▸ Exercise requirements
Repeat, word for word and with nothing added, each line from the one containing "Grinch I Am" to the final line of the data, keeping both ends. Pictures are not part of the copy.

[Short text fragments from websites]

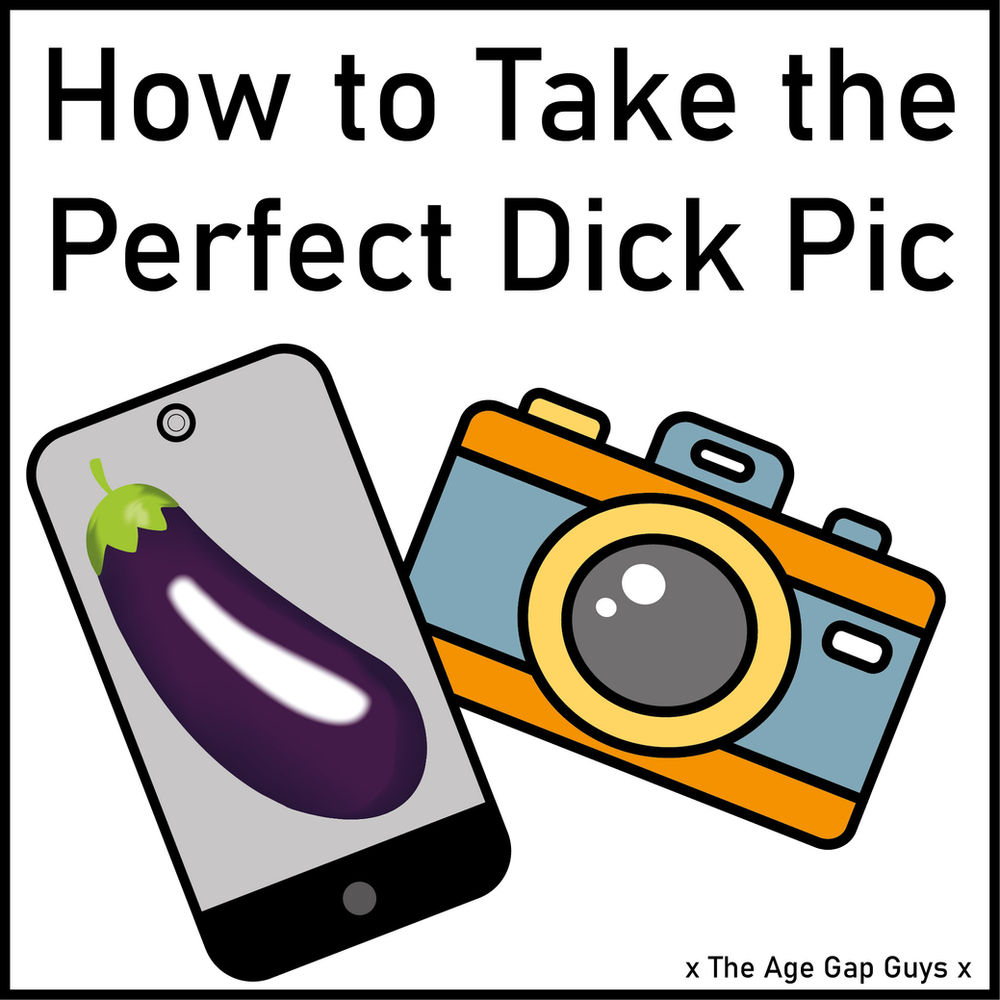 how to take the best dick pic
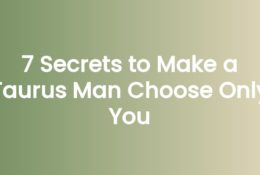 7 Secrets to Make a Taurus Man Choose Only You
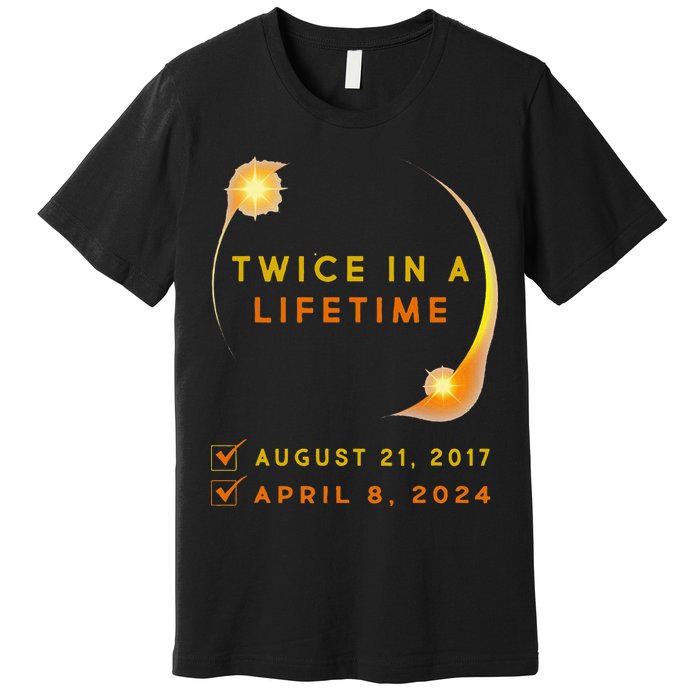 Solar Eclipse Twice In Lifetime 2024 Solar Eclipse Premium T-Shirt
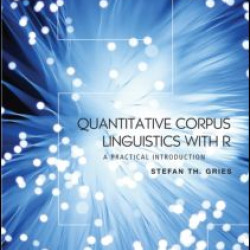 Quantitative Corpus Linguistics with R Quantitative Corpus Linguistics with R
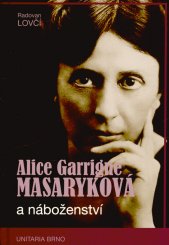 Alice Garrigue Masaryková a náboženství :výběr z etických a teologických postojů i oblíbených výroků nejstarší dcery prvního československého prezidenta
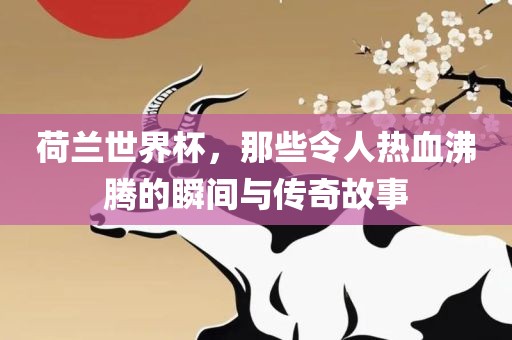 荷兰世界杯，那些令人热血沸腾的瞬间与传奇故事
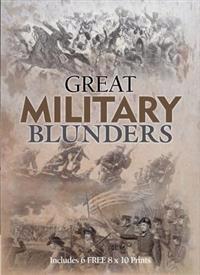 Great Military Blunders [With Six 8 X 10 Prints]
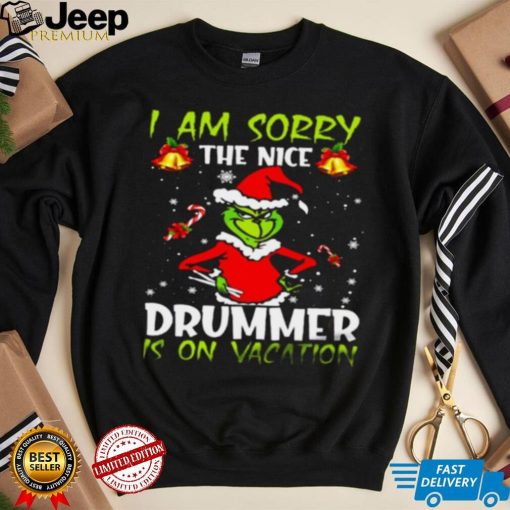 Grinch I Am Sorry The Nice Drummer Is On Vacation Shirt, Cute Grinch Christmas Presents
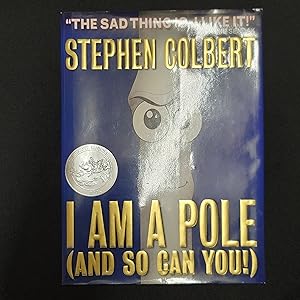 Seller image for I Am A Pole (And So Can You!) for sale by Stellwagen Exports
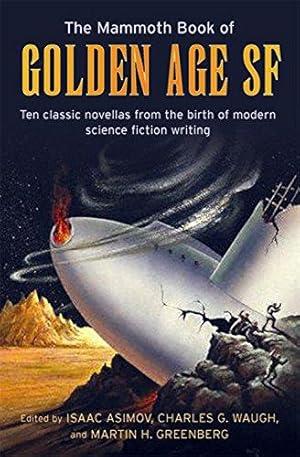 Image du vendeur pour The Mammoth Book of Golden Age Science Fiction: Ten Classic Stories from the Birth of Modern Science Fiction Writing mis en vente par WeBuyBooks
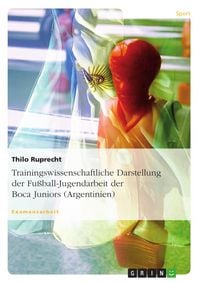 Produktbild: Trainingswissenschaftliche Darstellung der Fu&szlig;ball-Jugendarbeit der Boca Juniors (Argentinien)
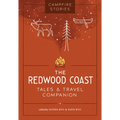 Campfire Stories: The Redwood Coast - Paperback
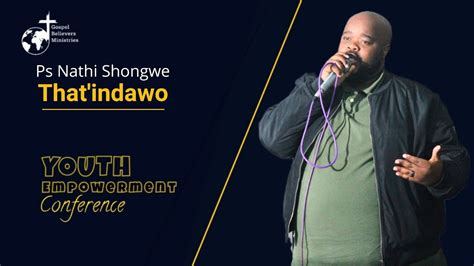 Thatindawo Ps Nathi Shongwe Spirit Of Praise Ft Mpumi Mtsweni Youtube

▸ Written solution
 Grinch I Am Sorry The Nice Drummer Is On Vacation Shirt, Cute Grinch Christmas Presents
 Seller image for I Am A Pole (And So Can You!) for sale by Stellwagen Exports
 Image du vendeur pour The Mammoth Book of Golden Age Science Fiction: Ten Classic Stories from the Birth of Modern Science Fiction Writing mis en vente par WeBuyBooks
 Produktbild: Trainingswissenschaftliche Darstellung der Fu&szlig;ball-Jugendarbeit der Boca Juniors (Argentinien)
 Campfire Stories: The Redwood Coast - Paperback
 Thatindawo Ps Nathi Shongwe Spirit Of Praise Ft Mpumi Mtsweni Youtube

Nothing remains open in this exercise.